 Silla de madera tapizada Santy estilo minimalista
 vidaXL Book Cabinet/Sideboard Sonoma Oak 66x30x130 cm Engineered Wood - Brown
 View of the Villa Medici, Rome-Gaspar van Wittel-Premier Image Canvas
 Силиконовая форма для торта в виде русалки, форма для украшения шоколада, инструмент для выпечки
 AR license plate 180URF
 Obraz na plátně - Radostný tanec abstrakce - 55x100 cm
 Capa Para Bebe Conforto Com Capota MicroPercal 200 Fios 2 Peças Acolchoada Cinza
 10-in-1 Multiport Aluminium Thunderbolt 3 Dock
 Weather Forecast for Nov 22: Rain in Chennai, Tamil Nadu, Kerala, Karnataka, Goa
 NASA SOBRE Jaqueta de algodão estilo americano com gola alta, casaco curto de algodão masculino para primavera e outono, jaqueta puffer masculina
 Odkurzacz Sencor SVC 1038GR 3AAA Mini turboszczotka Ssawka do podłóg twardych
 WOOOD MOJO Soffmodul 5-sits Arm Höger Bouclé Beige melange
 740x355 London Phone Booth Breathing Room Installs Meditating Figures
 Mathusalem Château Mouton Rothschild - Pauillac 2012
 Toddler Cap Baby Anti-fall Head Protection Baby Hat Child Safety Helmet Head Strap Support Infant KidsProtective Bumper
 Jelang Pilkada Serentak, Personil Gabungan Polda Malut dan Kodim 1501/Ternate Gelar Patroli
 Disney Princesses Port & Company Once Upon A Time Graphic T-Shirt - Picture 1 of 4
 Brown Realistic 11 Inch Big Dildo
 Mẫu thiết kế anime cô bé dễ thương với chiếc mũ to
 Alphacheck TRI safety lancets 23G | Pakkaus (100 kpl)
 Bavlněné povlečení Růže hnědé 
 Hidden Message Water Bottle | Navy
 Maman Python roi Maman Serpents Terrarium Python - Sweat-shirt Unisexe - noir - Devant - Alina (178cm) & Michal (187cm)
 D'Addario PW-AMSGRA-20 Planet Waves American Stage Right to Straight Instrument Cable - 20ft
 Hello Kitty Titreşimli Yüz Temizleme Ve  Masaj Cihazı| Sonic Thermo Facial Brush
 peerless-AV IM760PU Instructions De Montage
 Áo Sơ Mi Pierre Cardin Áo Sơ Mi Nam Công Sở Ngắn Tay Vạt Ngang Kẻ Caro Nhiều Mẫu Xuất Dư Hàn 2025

------

DESCRIPTION OF THE TASK:
All lines from the one with "Mẫu thiết kế" to the end of the material above should be copied exactly, both ends included, and nothing else.

OUTPUT FOR THIS EXERCISE:
 Mẫu thiết kế anime cô bé dễ thương với chiếc mũ to
 Alphacheck TRI safety lancets 23G | Pakkaus (100 kpl)
 Bavlněné povlečení Růže hnědé 
 Hidden Message Water Bottle | Navy
 Maman Python roi Maman Serpents Terrarium Python - Sweat-shirt Unisexe - noir - Devant - Alina (178cm) & Michal (187cm)
 D'Addario PW-AMSGRA-20 Planet Waves American Stage Right to Straight Instrument Cable - 20ft
 Hello Kitty Titreşimli Yüz Temizleme Ve  Masaj Cihazı| Sonic Thermo Facial Brush
 peerless-AV IM760PU Instructions De Montage
 Áo Sơ Mi Pierre Cardin Áo Sơ Mi Nam Công Sở Ngắn Tay Vạt Ngang Kẻ Caro Nhiều Mẫu Xuất Dư Hàn 2025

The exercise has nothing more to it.